A Sardinha: Uma nutrição saudável e acessível
A gente sabe que a saúde precisa vir junto com a produção. E uma alimentação equilibrada faz toda a diferença. A sardinha, ao contrário do que muitos pensam, não é um peixe de segunda categoria. Ela é rica em proteína de alta qualidade, fundamental para a recuperação muscular depois de um dia de trabalho no campo. Além disso, é fonte de gorduras boas, importantes para o coração e para o bom funcionamento do organismo.

Ômega-3 de primeira
O ômega-3 é um nutriente que anda fazendo sucesso, e com razão. Ele ajuda a proteger o coração, melhora a concentração e até contribui para o bom humor. O salmão é famoso por ser rico em ômega-3, mas a sardinha não fica atrás. Na verdade, em alguns casos, a sardinha fresca pode ter até mais ômega-3 do que o salmão, dependendo da época do ano e da região de pesca.

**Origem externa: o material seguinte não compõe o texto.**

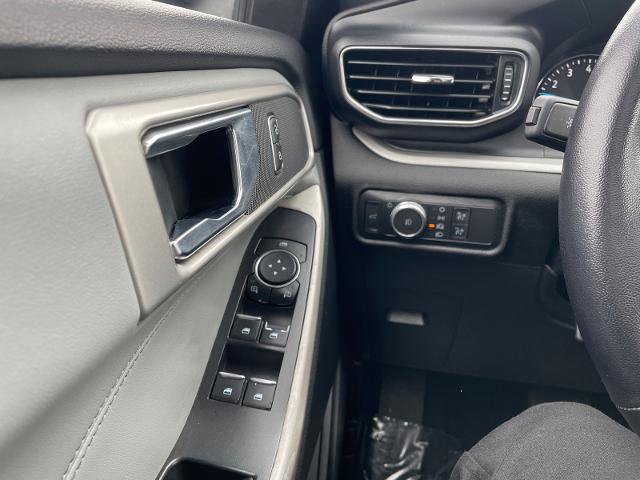 Certified 2022 Ford Explorer XLT w/ Equipment Group 202A image 22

Esqueça a lata, vá ao fresco

A sardinha enlatada tem seu lugar, principalmente pela praticidade. Mas a versão fresca é outra história. Ela preserva muito melhor os nutrientes, tem um sabor mais suave e agradável, e é muito mais fácil de preparar. A diferença é notável, e o investimento vale a pena. A recomendação dos especialistas é sempre procurar a sardinha fresca em peixarias ou feiras, garantindo a qualidade e o sabor do peixe.
Menos mercúrio, mais tranquilidade
Uma preocupação comum quando se fala em peixes é o acúmulo de metais pesados, como o mercúrio. A sardinha, por ocupar uma posição mais baixa na cadeia alimentar, tem menos chances de acumular esses elementos. Isso significa que você pode consumir sardinha fresca com mais frequência, sem se preocupar com os riscos para a saúde, inclusive para crianças e idosos, desde que o peixe seja bem cozido.